## Work order:
Find the line with "Incendio en una empresa de reciclaje. / AZ" in the entries below. Repeat it, every following line, and the line with "Gi-go doll pop, prachtig", exactly and with nothing added.

## Records shown:
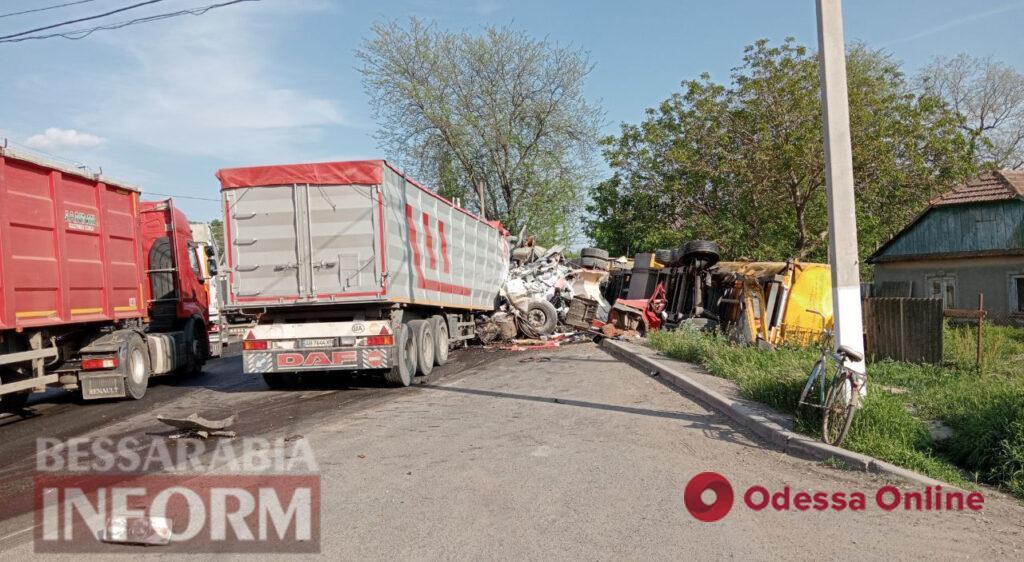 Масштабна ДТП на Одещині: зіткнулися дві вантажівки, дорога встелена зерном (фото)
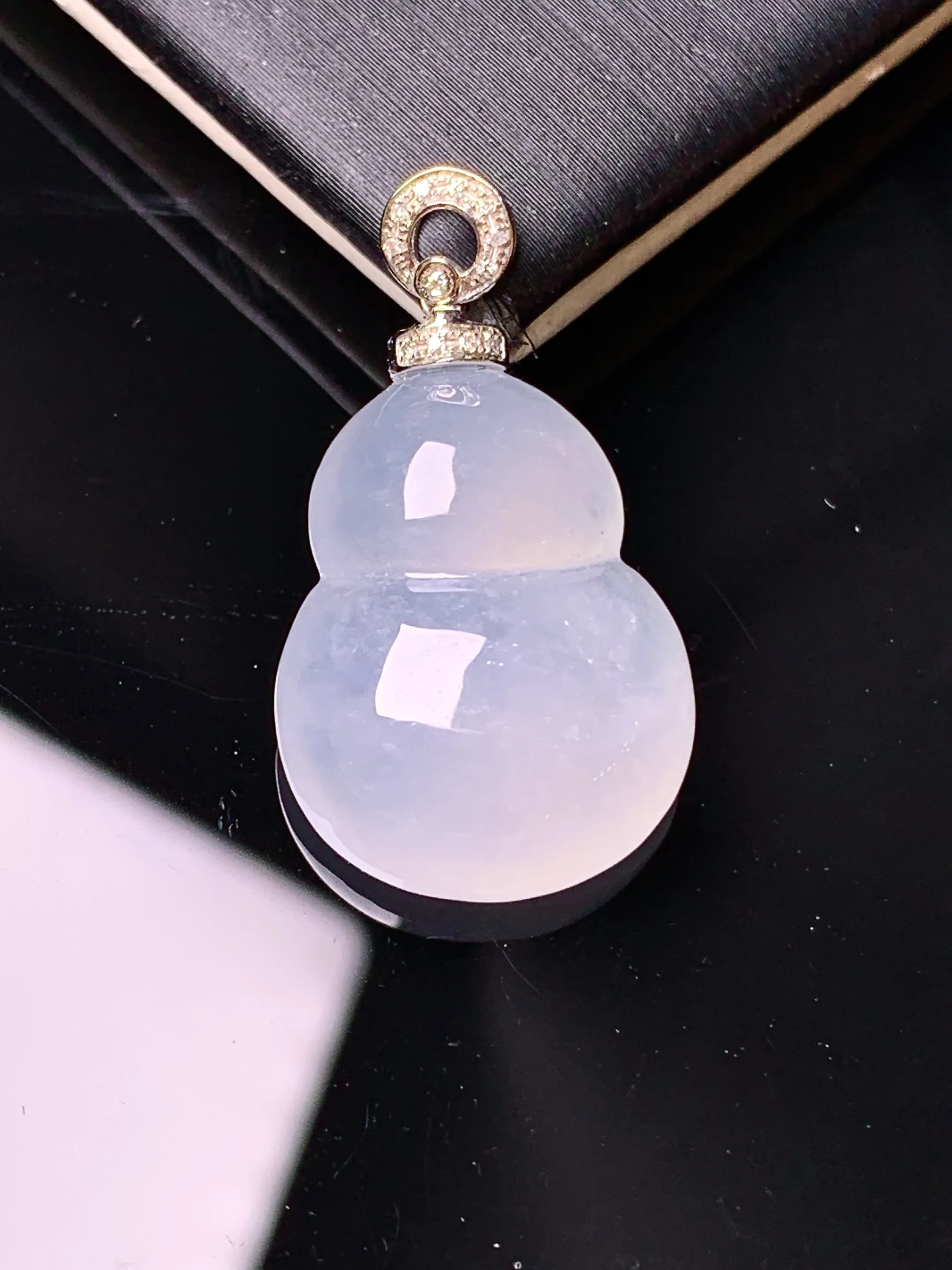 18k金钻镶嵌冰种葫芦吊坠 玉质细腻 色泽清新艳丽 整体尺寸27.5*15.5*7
...
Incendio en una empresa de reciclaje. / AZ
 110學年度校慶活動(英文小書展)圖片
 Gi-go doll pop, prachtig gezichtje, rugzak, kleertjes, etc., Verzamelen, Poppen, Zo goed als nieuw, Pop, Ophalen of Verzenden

## Result for this task:
Incendio en una empresa de reciclaje. / AZ
 110學年度校慶活動(英文小書展)圖片
 Gi-go doll pop, prachtig gezichtje, rugzak, kleertjes, etc., Verzamelen, Poppen, Zo goed als nieuw, Pop, Ophalen of Verzenden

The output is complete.